Each year, millions of acres across the U.S. are burned in wildfires. Dry conditions, fierce winds, and human activity are often factors in the most dangerous blazes but fire season is also simply a part of nature's cycle. "Fire's not the enemy. We have to take care of fire, we have to manage fire, we have to be aware of wildfire but we don't want to demonize it," says Ken Frederick, former firefighter and public affairs specialist at the National Interagency Fire Center.
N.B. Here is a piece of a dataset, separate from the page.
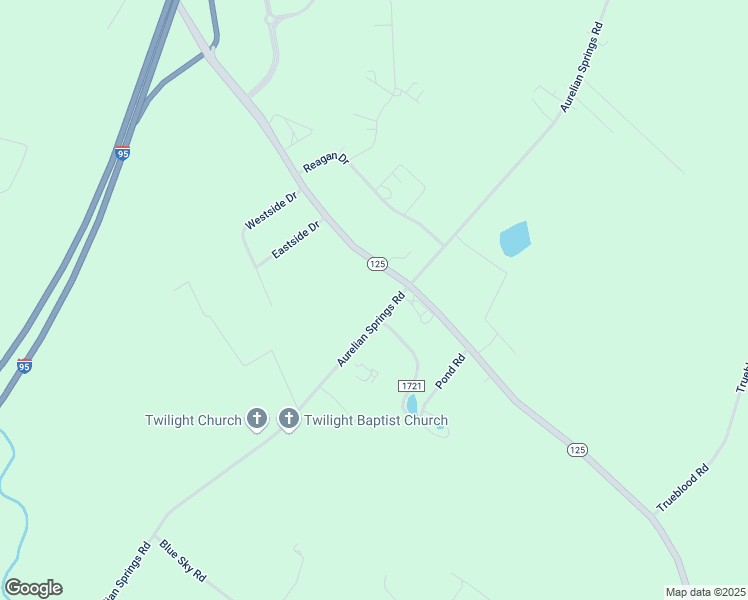 map of restaurants, bars, coffee shops, grocery stores, and more near 1454 Aurelian Springs Road in Halifax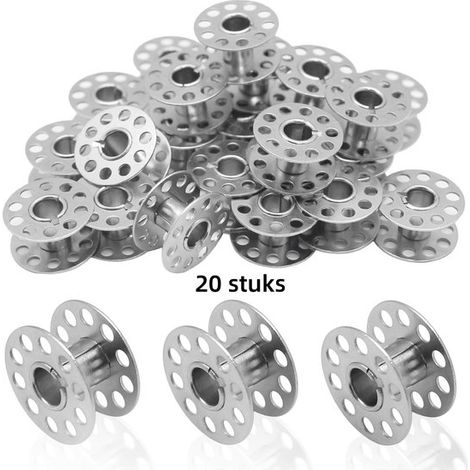 20 bobines de machine à coudre, ensemble de couture portable acier inoxydable (fil non inclus) (1/5)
Even though California and eastern Oregon are currently in severe droughts, this year has been surprisingly tame. Only about one-third of the expected acreage has burned and 30 percent fewer fires have started than predicted by trends from the last decade. Still, this is no reason to ignore potential danger – the past has proven that late fire seasons can be just as deadly. A rule of thumb from Frederick: if pencil-sized sticks are cracking underfoot, conditions are primed for fiery destruction.
Great Idaho, 1910
Credit: Library of Congress
The Place: Idaho and Montana
The Underlying Cause: Several small fires converged
The Devastation: 3,000,000 acres burned and 85 lives lost.
What Is Noteworthy about This Fire: This fire was helped along by hot, dry conditions and hurricane force winds. It was also being fought with a new, underfunded, and underprepared U.S. Forest Service, which had only been established five years prior.